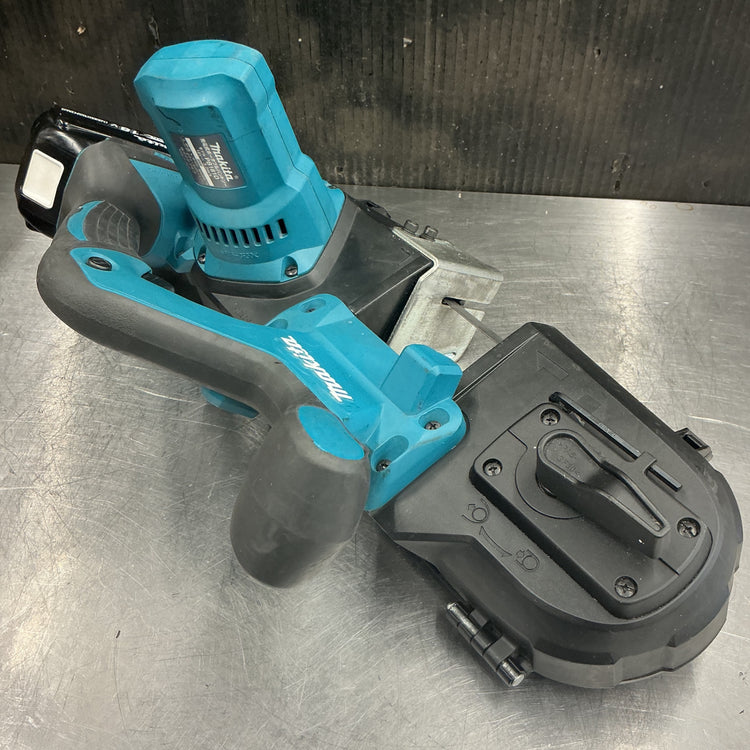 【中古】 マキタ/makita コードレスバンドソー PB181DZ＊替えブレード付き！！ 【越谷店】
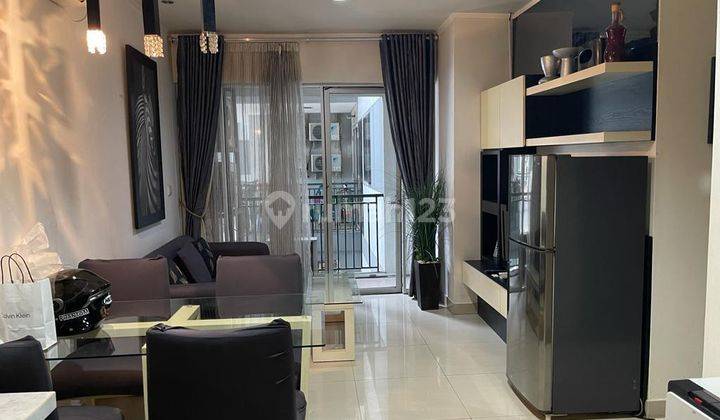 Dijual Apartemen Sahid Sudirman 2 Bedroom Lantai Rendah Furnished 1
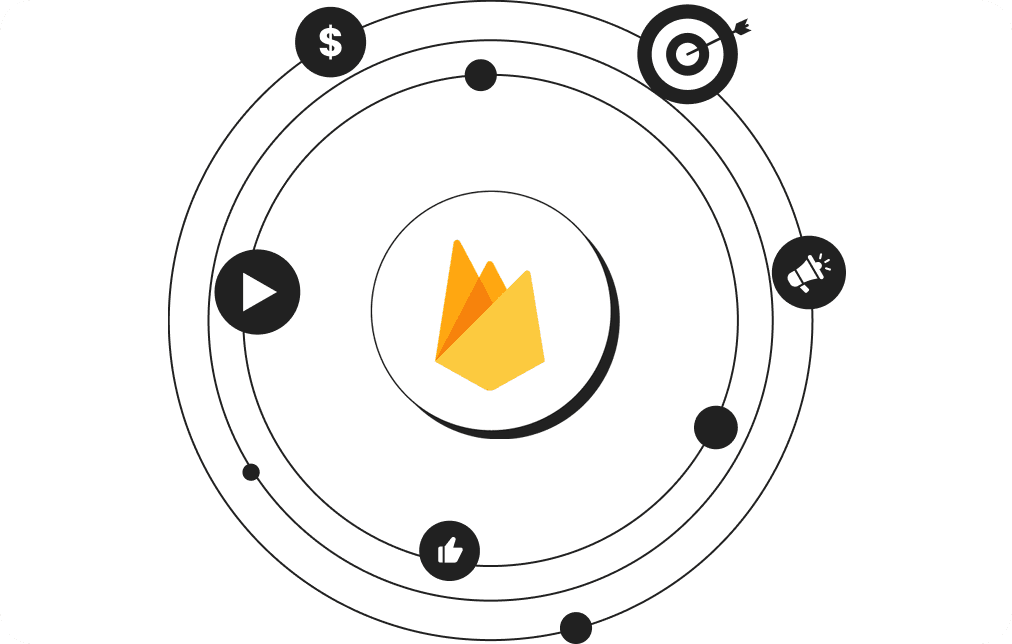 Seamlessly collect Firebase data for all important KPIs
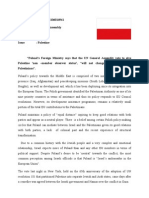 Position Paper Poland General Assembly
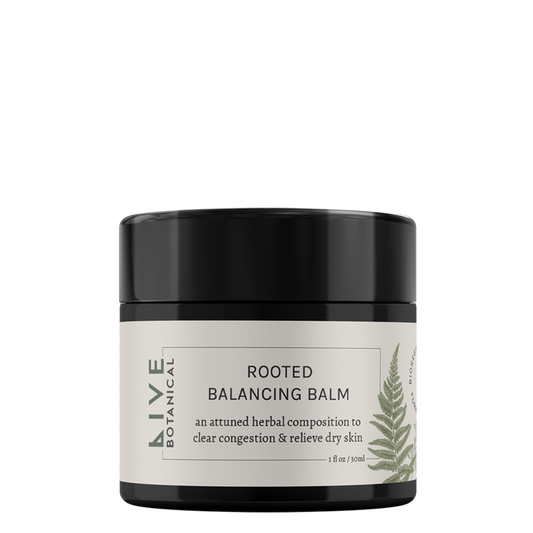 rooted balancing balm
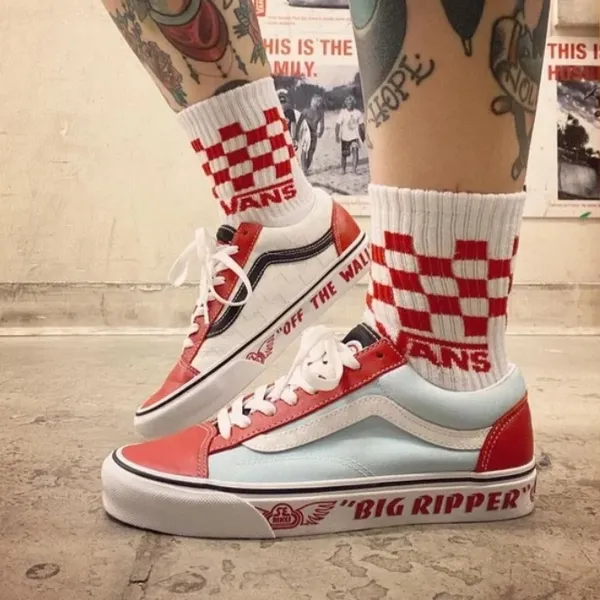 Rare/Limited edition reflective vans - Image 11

WHAT IS EXPECTED » Repeat the records in full, exactly as they appear, without the pictures.

WRITTEN RESPONSE »
 【中古】 マキタ/makita コードレスバンドソー PB181DZ＊替えブレード付き！！ 【越谷店】
 Dijual Apartemen Sahid Sudirman 2 Bedroom Lantai Rendah Furnished 1
 Seamlessly collect Firebase data for all important KPIs
 Position Paper Poland General Assembly
 rooted balancing balm
 Rare/Limited edition reflective vans - Image 11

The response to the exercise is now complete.